We think however that you [2] would find it pleasant[?] to take with you a paper by [D.H.] Christ — a very good man (!) — "Vegetation und Flora den Canarischer Inseln". This is to be found in the sixth volume of Engler's Botanica Jahrbucher. But I have no doubt that Dulau & Co, who are really very smart people, would either pick you up a separate copy or get you the number. [3] This is Heft 5. 1885.
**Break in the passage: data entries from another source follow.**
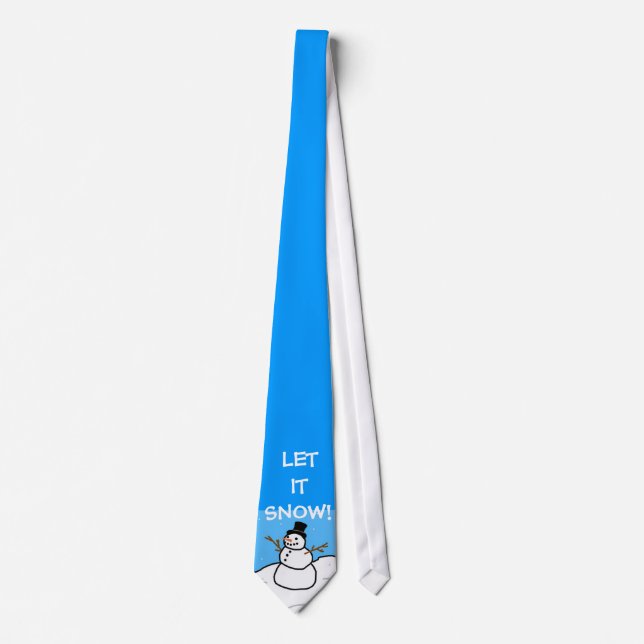 Let it Snow! Tie (Front)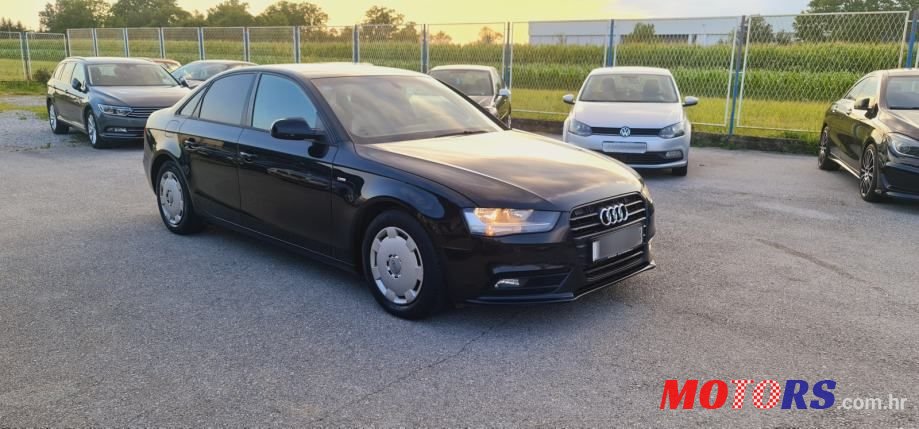 2013' Audi A4 2,0 Tdi photo #2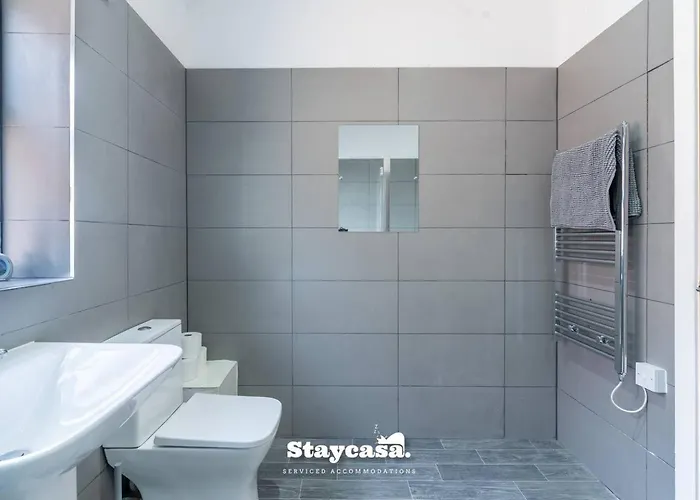 Casa Cove 2f Flat Free Parking - 5min To Hospital *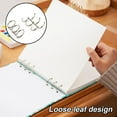 thumbnail image 4 of Cuaderno de papel en blanco, cuaderno de bocetos de tapa dura de 20 páginas para dibujar para hombres y mujeres, 4 of 6
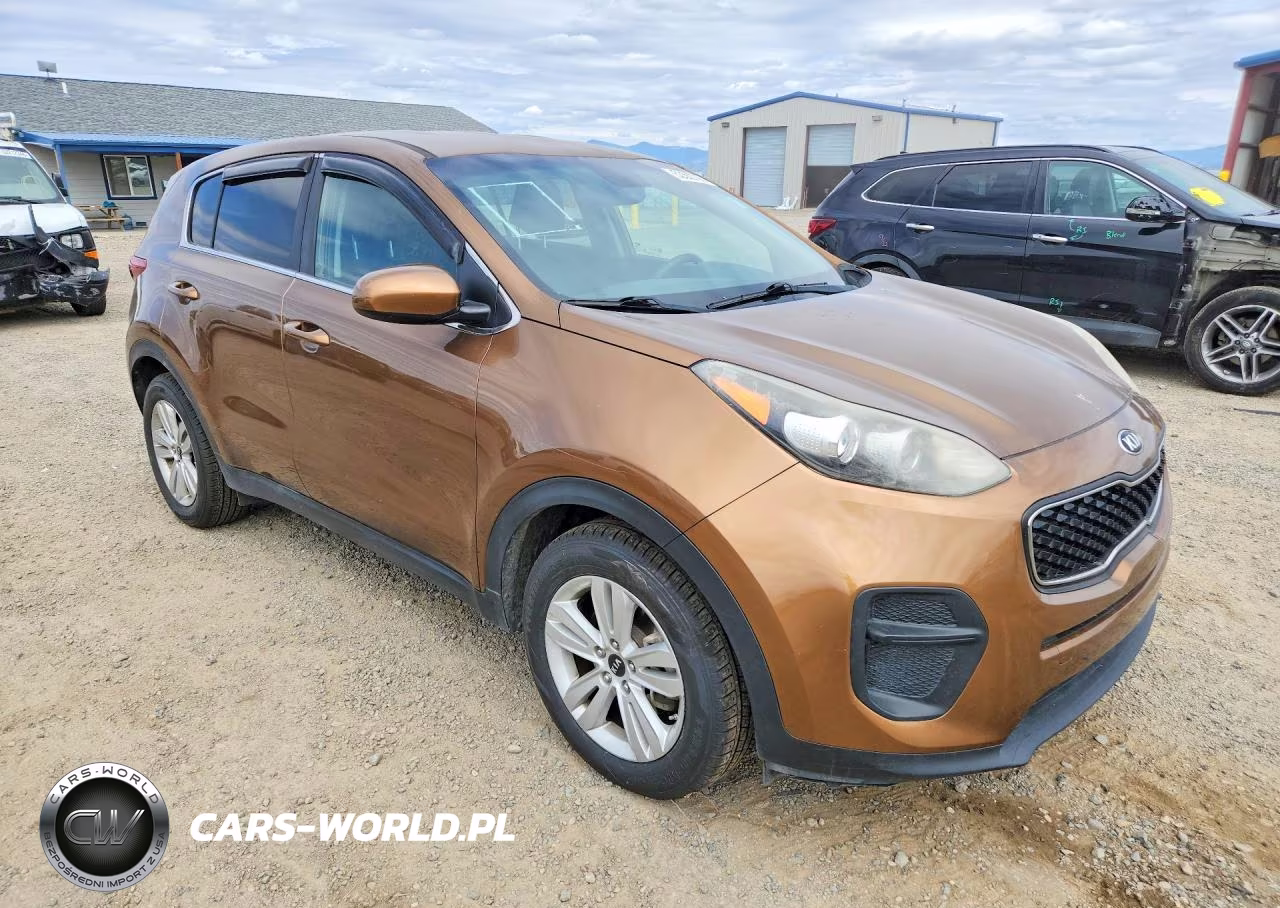 2017 Kia Sportage Lx VIN:KNDPM3AC2H7236603 - 4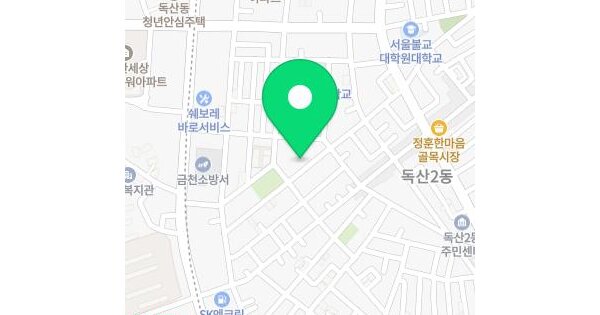 서울특별시 금천구 독산동 1051-11 문정빌 제2동 제5층 제503호 미지정 경매 물건 이미지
Then you might pick up at Wheldon's, for a few shillings, the fragment of Lowe's Flora Madeira. It was never finished because he and his wife were drowned in the London. It was a curious thing that Berkeley was trustee for Lowe under his marriage settlements. They quarrelled because Berkeley w[oul]d not let him sell out. As it turned out on the presumption in law that the wife dies before the husband [4] when both are drowned, the property would have gone to people who w[oul]d have made Berkeley replace every penny.

Donnelly & Lambeth have persuaded me to write an answer to the Duke of Argyll's imbecile letter [The Unity of Nature] in Nature. E.R.L. wants to lie by a little which I think is advisable.

The difficulty, however, which I feel, or much as he would, is to hear such [5] infernal rubbish with anything like moderation. I hate controversy[?]. But they say that it is not advisable for the non-scientific readers of Nature to think that the Duke is to be allowed to have his way unchecked.

How I longer for the temporary use of your magical hand! However I have made free use [6] of your admirable obituary in the Proc. R.S. I feel bound to say that in force, logical clearness and consideration[?], I [remainder of sentence illeg.]

Its present position in literature is neither very accessible nor very attractive & I want to persuade you to have it reprinted by Macmillan or a little [7] book in large type. As regards quintessential exposition of the Darwinian theory it is the γάλα ἄδολον the "sincere milk of the word". There is nothing like it. Wallace ought to have done it. But though there is much that is interesting in his book, in my opinion, he has messed the think about too much. I cannot keep feeling in reading him what a pigmy he really is compared to Darwin. [8]

My father-in-law seems to have got a bad bout of bronchitis. But I hear that he is recovering satisfactorily & I think that he will take the lesson to be more careful of himself.

Yours sincerely

W.T. Thiselton-Dyer [signature]

2. Thiselton-Dyer, William Turner (1843-1928). British Botanist; director of the Kew Gardens.